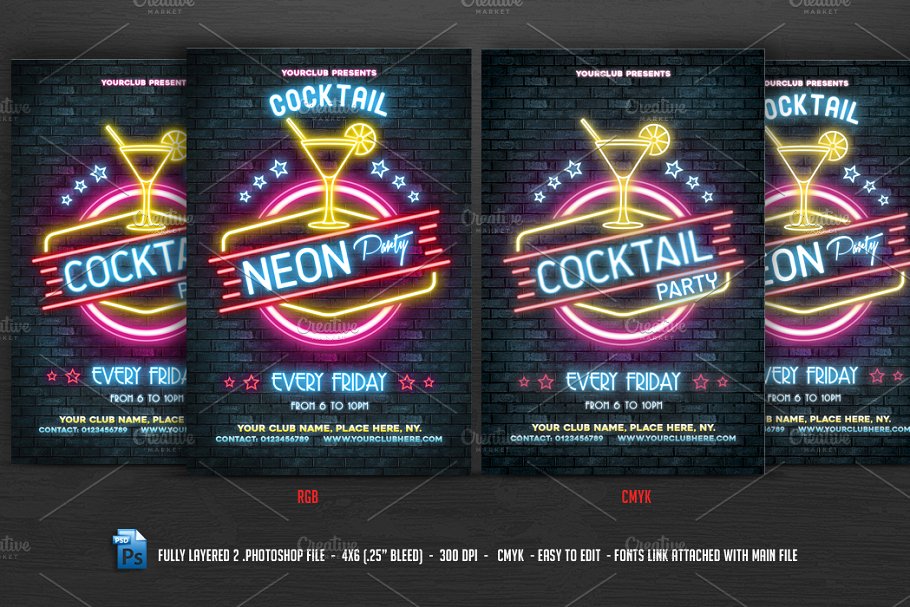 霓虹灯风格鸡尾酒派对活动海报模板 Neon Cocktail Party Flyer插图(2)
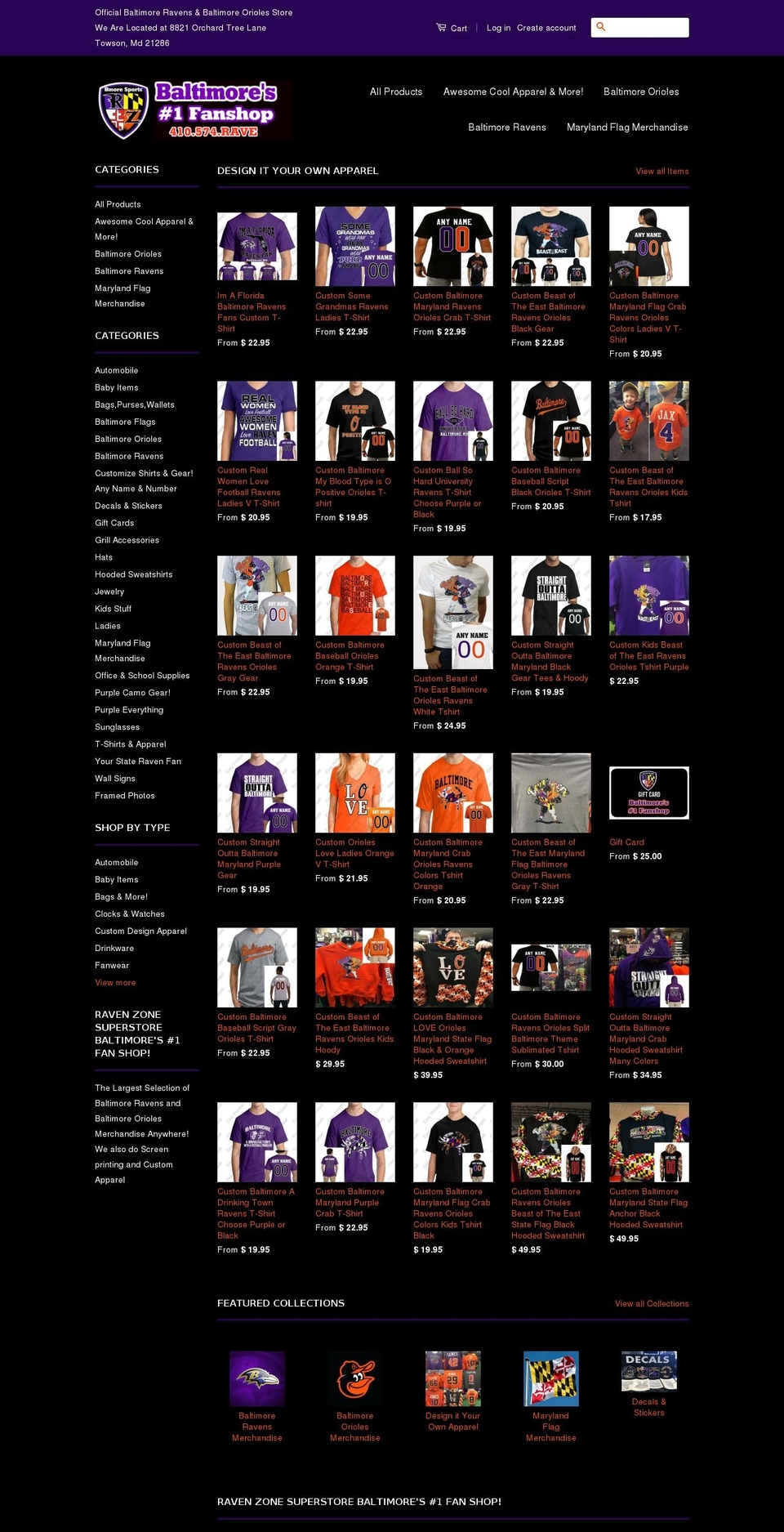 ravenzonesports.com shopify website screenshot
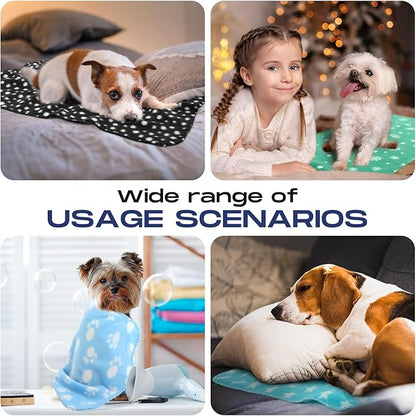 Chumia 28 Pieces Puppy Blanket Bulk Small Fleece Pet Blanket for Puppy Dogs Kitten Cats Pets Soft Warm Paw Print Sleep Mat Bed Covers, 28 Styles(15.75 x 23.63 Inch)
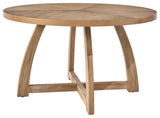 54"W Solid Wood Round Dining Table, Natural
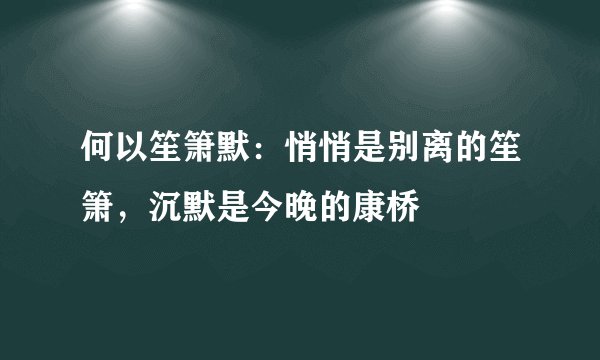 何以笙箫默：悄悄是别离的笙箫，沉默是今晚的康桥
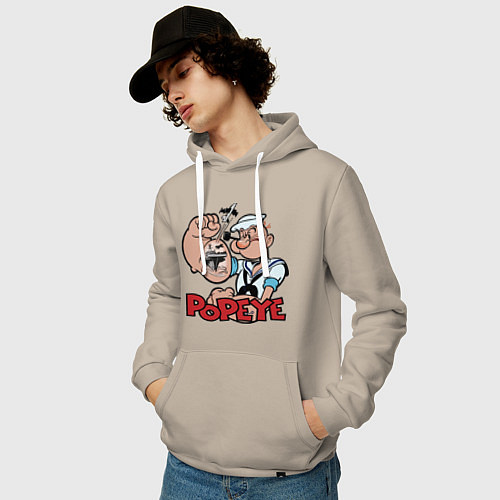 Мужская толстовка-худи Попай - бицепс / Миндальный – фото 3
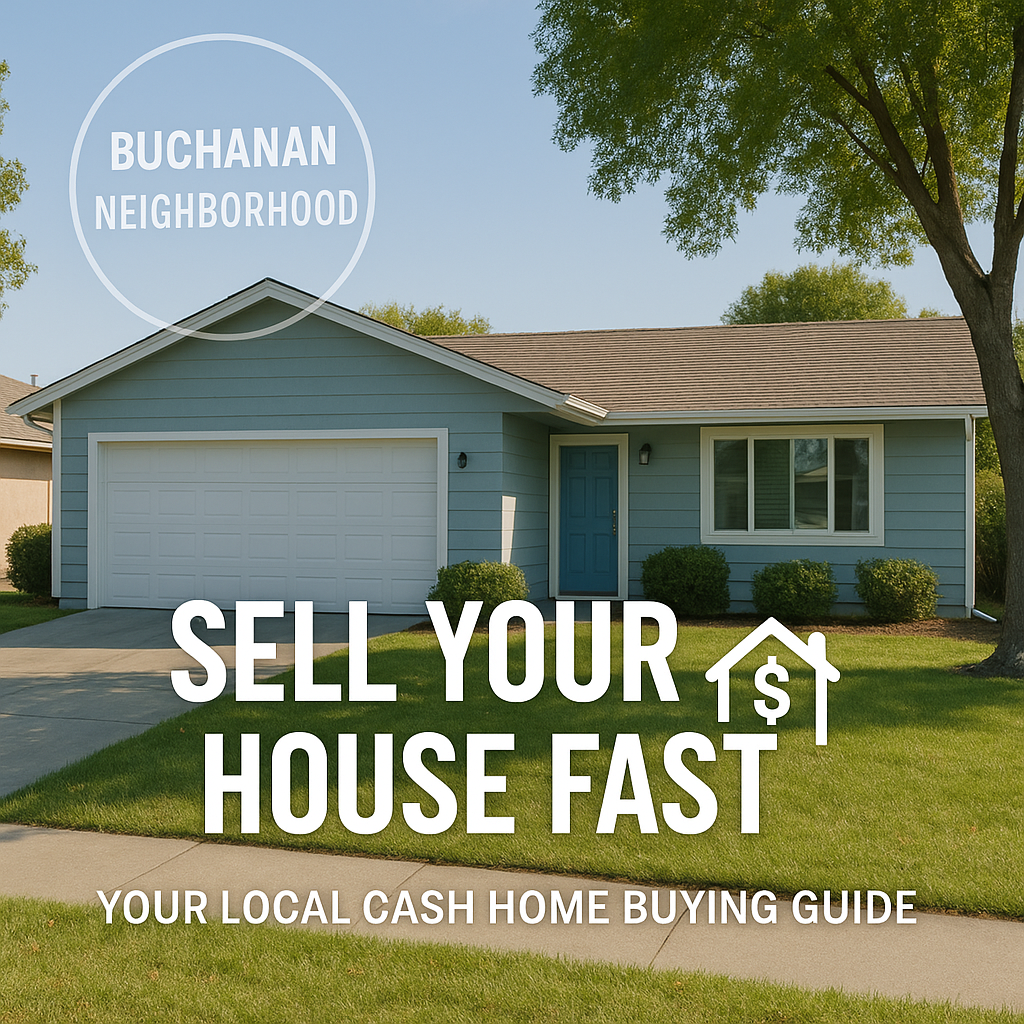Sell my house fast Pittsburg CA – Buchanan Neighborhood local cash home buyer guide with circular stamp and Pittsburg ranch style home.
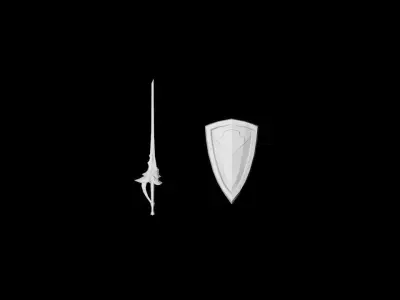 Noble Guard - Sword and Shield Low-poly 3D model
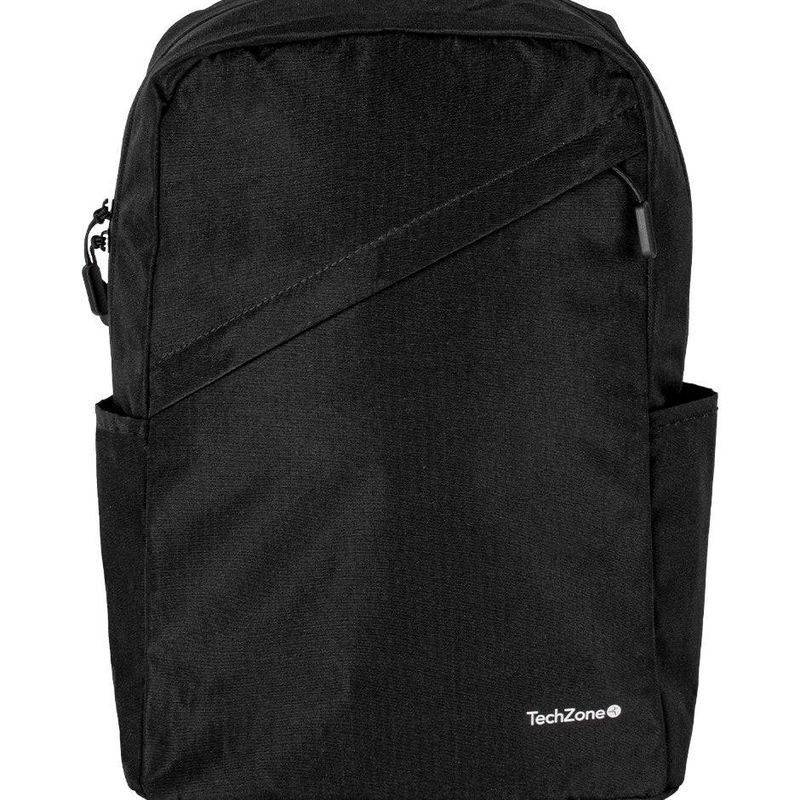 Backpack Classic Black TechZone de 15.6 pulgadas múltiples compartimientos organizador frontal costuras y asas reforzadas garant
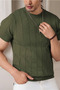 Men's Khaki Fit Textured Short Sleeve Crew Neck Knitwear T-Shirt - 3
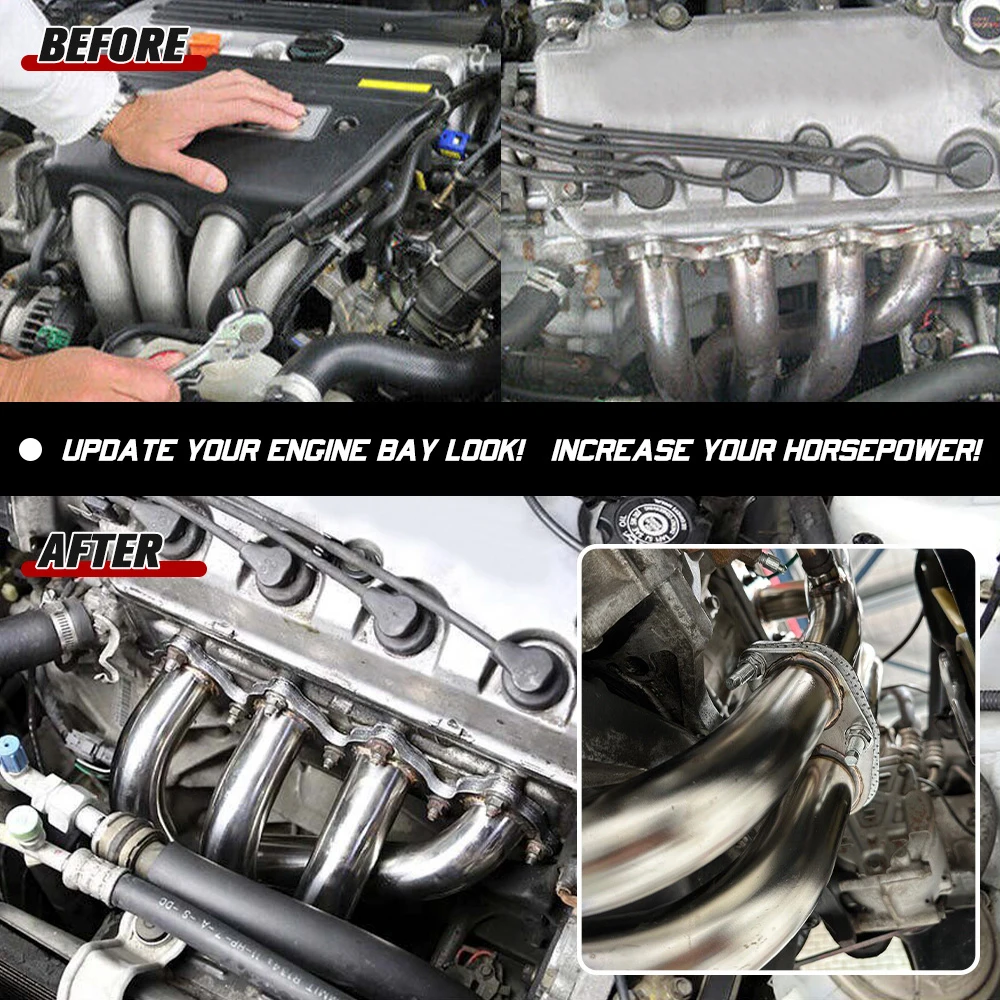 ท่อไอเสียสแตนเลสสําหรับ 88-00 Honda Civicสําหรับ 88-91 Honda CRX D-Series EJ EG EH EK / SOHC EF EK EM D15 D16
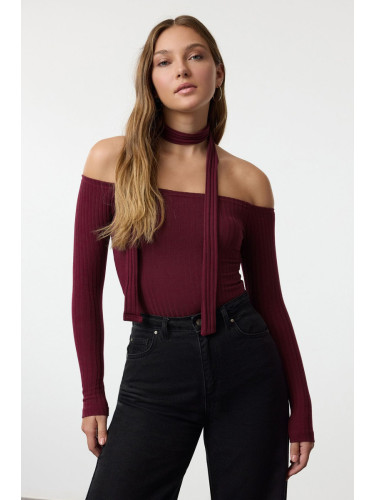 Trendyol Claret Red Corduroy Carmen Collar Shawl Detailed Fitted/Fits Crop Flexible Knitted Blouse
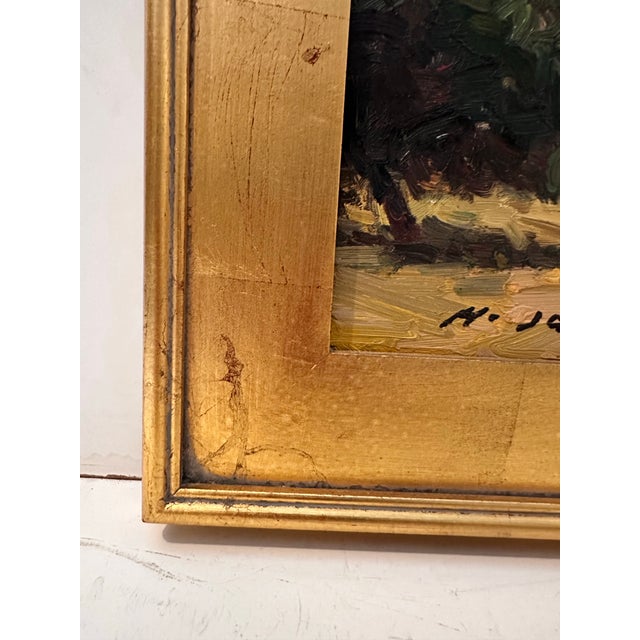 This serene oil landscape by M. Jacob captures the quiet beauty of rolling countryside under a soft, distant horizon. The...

▸ Problem requirements: In the data above, take the line with "Backpack Classic Black", the line with "ท่อไอเสียสแตนเลสสําหรับ 88-00 Honda", and every line between, and set them down exactly without pictures.

▸ Output of the exercise:
 Backpack Classic Black TechZone de 15.6 pulgadas múltiples compartimientos organizador frontal costuras y asas reforzadas garant
 Men's Khaki Fit Textured Short Sleeve Crew Neck Knitwear T-Shirt - 3
 ท่อไอเสียสแตนเลสสําหรับ 88-00 Honda Civicสําหรับ 88-91 Honda CRX D-Series EJ EG EH EK / SOHC EF EK EM D15 D16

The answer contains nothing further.